What you need to do »
In the records below, the line with "Banheiro da Suíte" opens the range and the line with "Mercedes ml 270 cdi" closes it; print that range exactly and nothing else.
>>
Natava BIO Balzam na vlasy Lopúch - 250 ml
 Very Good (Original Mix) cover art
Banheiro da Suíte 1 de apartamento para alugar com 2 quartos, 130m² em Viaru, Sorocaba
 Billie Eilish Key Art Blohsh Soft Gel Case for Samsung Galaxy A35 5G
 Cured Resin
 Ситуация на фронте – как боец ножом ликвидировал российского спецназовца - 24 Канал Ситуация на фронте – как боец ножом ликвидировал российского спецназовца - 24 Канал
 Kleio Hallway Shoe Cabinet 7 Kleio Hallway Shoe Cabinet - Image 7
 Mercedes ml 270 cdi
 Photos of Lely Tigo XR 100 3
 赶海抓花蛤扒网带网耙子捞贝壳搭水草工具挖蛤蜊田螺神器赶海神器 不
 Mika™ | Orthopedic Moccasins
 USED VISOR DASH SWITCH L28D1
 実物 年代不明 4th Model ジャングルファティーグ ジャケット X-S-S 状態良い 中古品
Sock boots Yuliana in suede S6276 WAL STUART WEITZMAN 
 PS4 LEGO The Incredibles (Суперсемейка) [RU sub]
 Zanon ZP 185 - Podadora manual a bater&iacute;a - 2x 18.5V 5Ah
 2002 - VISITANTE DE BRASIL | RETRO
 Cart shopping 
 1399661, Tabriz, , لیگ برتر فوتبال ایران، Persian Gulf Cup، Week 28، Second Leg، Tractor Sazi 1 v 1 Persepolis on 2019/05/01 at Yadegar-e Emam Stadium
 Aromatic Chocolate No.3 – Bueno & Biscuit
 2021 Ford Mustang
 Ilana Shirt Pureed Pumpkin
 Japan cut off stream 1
<<
The completed task »
Banheiro da Suíte 1 de apartamento para alugar com 2 quartos, 130m² em Viaru, Sorocaba
 Billie Eilish Key Art Blohsh Soft Gel Case for Samsung Galaxy A35 5G
 Cured Resin
 Ситуация на фронте – как боец ножом ликвидировал российского спецназовца - 24 Канал Ситуация на фронте – как боец ножом ликвидировал российского спецназовца - 24 Канал
 Kleio Hallway Shoe Cabinet 7 Kleio Hallway Shoe Cabinet - Image 7
 Mercedes ml 270 cdi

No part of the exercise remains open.